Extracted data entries
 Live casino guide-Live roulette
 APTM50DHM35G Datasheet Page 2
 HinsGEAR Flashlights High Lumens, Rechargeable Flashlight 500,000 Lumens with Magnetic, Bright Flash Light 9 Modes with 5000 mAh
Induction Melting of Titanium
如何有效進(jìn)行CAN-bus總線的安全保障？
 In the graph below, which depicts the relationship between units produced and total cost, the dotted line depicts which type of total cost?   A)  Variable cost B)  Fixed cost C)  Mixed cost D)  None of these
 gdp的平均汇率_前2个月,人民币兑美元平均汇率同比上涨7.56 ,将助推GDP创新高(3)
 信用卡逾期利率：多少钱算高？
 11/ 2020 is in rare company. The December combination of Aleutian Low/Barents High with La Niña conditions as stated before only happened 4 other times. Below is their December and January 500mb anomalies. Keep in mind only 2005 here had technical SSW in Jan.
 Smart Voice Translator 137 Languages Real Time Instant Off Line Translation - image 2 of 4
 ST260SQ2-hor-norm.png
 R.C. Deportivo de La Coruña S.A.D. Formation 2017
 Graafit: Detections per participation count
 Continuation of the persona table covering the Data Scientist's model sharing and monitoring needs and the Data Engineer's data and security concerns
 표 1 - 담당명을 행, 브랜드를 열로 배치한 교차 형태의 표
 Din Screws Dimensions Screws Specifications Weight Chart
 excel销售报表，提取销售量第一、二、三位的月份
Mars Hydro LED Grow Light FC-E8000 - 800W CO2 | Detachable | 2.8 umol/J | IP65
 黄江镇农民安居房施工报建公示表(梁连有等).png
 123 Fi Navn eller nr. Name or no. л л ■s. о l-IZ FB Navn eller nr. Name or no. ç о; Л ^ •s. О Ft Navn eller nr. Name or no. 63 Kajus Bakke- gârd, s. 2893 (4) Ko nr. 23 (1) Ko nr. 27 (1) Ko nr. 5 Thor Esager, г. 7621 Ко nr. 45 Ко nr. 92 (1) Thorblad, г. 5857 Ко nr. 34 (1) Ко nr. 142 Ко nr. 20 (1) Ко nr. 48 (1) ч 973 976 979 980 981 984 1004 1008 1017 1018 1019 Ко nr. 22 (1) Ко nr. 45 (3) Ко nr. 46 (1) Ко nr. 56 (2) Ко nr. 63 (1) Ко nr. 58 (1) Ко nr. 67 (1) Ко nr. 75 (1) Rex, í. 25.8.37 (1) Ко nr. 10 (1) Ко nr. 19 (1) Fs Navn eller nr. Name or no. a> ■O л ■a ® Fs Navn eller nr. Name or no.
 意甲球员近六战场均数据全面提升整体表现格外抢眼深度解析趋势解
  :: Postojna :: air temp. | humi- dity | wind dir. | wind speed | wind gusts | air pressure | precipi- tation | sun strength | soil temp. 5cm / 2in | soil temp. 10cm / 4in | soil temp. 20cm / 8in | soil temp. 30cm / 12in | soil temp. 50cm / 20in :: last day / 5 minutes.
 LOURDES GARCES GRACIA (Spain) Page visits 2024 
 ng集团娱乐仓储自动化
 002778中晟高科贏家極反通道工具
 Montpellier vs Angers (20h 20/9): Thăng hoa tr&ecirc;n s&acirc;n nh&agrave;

Exercise – Every line of the data should be output exactly as it was given.

Result below –
 Live casino guide-Live roulette
 APTM50DHM35G Datasheet Page 2
 HinsGEAR Flashlights High Lumens, Rechargeable Flashlight 500,000 Lumens with Magnetic, Bright Flash Light 9 Modes with 5000 mAh
Induction Melting of Titanium
如何有效進(jìn)行CAN-bus總線的安全保障？
 In the graph below, which depicts the relationship between units produced and total cost, the dotted line depicts which type of total cost?   A)  Variable cost B)  Fixed cost C)  Mixed cost D)  None of these
 gdp的平均汇率_前2个月,人民币兑美元平均汇率同比上涨7.56 ,将助推GDP创新高(3)
 信用卡逾期利率：多少钱算高？
 11/ 2020 is in rare company. The December combination of Aleutian Low/Barents High with La Niña conditions as stated before only happened 4 other times. Below is their December and January 500mb anomalies. Keep in mind only 2005 here had technical SSW in Jan.
 Smart Voice Translator 137 Languages Real Time Instant Off Line Translation - image 2 of 4
 ST260SQ2-hor-norm.png
 R.C. Deportivo de La Coruña S.A.D. Formation 2017
 Graafit: Detections per participation count
 Continuation of the persona table covering the Data Scientist's model sharing and monitoring needs and the Data Engineer's data and security concerns
 표 1 - 담당명을 행, 브랜드를 열로 배치한 교차 형태의 표
 Din Screws Dimensions Screws Specifications Weight Chart
 excel销售报表，提取销售量第一、二、三位的月份
Mars Hydro LED Grow Light FC-E8000 - 800W CO2 | Detachable | 2.8 umol/J | IP65
 黄江镇农民安居房施工报建公示表(梁连有等).png
 123 Fi Navn eller nr. Name or no. л л ■s. о l-IZ FB Navn eller nr. Name or no. ç о; Л ^ •s. О Ft Navn eller nr. Name or no. 63 Kajus Bakke- gârd, s. 2893 (4) Ko nr. 23 (1) Ko nr. 27 (1) Ko nr. 5 Thor Esager, г. 7621 Ко nr. 45 Ко nr. 92 (1) Thorblad, г. 5857 Ко nr. 34 (1) Ко nr. 142 Ко nr. 20 (1) Ко nr. 48 (1) ч 973 976 979 980 981 984 1004 1008 1017 1018 1019 Ко nr. 22 (1) Ко nr. 45 (3) Ко nr. 46 (1) Ко nr. 56 (2) Ко nr. 63 (1) Ко nr. 58 (1) Ко nr. 67 (1) Ко nr. 75 (1) Rex, í. 25.8.37 (1) Ко nr. 10 (1) Ко nr. 19 (1) Fs Navn eller nr. Name or no. a> ■O л ■a ® Fs Navn eller nr. Name or no.
 意甲球员近六战场均数据全面提升整体表现格外抢眼深度解析趋势解
  :: Postojna :: air temp. | humi- dity | wind dir. | wind speed | wind gusts | air pressure | precipi- tation | sun strength | soil temp. 5cm / 2in | soil temp. 10cm / 4in | soil temp. 20cm / 8in | soil temp. 30cm / 12in | soil temp. 50cm / 20in :: last day / 5 minutes.
 LOURDES GARCES GRACIA (Spain) Page visits 2024 
 ng集团娱乐仓储自动化
 002778中晟高科贏家極反通道工具
 Montpellier vs Angers (20h 20/9): Thăng hoa tr&ecirc;n s&acirc;n nh&agrave;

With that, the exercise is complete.